In early 2003, Adair, who was imprisoned at the time, allegedly gave orders from his prison cell for the elimination of his biggest rival John Gregg, leader of the UDA South East Antrim Brigade. C Company's young military commander Alan McCullough hastened to do Adair's bidding and orchestrated Gregg's killing. The brigadier was shot dead in a taxi near Belfast docks along with Rab Carson after the men had returned from a Rangers F.C. match in Glasgow on 1 February 2003. The killing of Gregg infuriated the UDA Inner Council which had already expelled Adair and his entire C Company unit from the mainstream organisation the previous September. Gregg enjoyed much popularity among the loyalist community for his attempted assassination of Sinn Féin president Gerry Adams in 1984. On the day of Gregg's funeral, carloads of angry UDA men led by South Belfast brigadier Jackie McDonald convened on Adair's Boundary Way stronghold in the lower Shankill. McDonald also detested Adair and had been one of the UDA leaders who sanctioned his expulsion. Adair's wife, Gina, John White, and about 20 of his supporters including Millar's sons were compelled to leave Northern Ireland. The rogue group headed for Scotland and afterwards England.

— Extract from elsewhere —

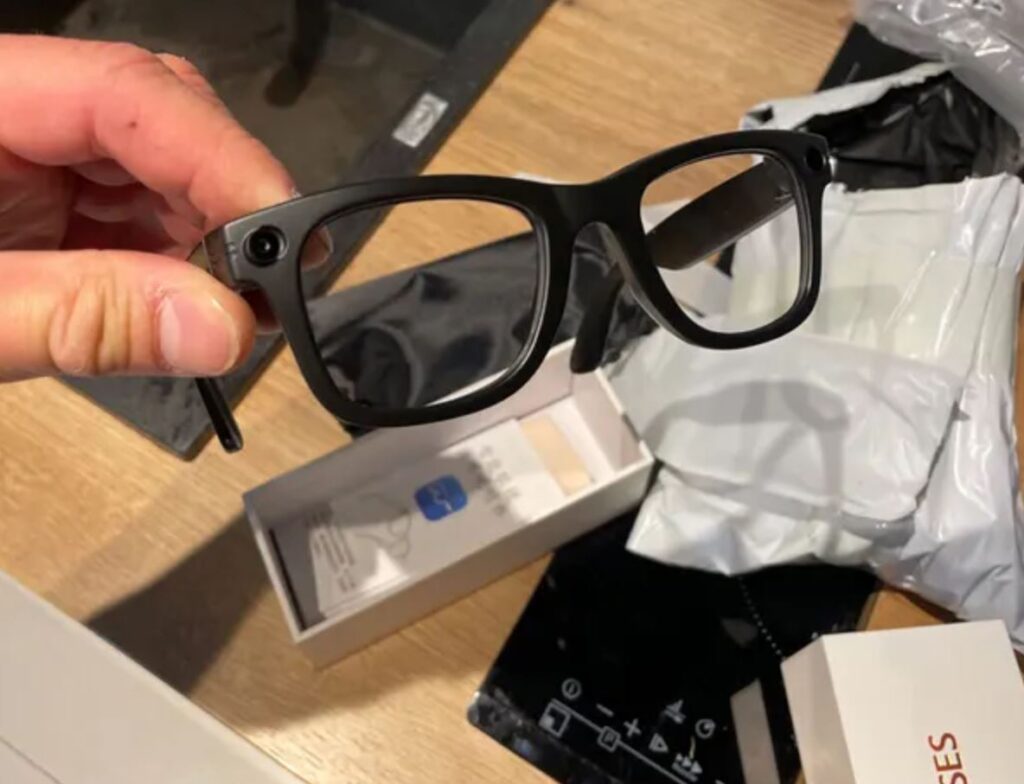 How to check a product from AliExpress before ordering. Smart glasses with a camera can be purchased on Ali at a low price. But only if the lens is visible. Photo.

===Expulsion from Northern Ireland===
Millar believed her years of devotion to the organisation would allow her to remain in her Shankill Road home. Her pleas fell on deaf ears as the UDA Inner Council maintained she was fully aware of her sons' drug-dealing and loan-sharking activities, and that they had stolen over ten thousand pounds of UDA funds. Two weeks after the Adair faction was kicked out of Northern Ireland, Millar was also ordered to leave and told she'd be executed if she failed to comply. She reluctantly joined her sons and the other Adair supporters in Bolton where they became known as the "Bolton Wanderers". Adair's former friend Mo Courtney had already defected back to the mainstream UDA and was appointed commander of Adair's West Belfast Brigade in lieu of Millar's son-in-law, "Fat" Jackie Thompson who had served as brigadier during Adair's imprisonment. He had also fled to England.

Millar could not adjust to her new life as an exile in England and felt homesick for Northern Ireland. Defying the UDA leadership, she returned home and immediately applied to the Housing Executive for a house in Bangor, County Down. Once the UDA in Belfast discovered she had disobeyed orders by returning, she was immediately subjected to threats and had the windows of her home smashed with bricks. When English journalists called to her house she loudly announced: "I'm staying, no-one will put me out!" The next day the Bolton hideout her sons were sharing with Gina Adair, "Fat" Jackie Thompson, and Sham's girlfriend was raked with machinegun fire. Nobody was injured in the attack which was carried out by Alan McCullough as a means to ingratiate himself with Mo Courtney and the new C Company leadership to be allowed to return home. Shortly after his return he was abducted and killed by the Ulster Freedom Fighters (UFF), a covername for the UDA.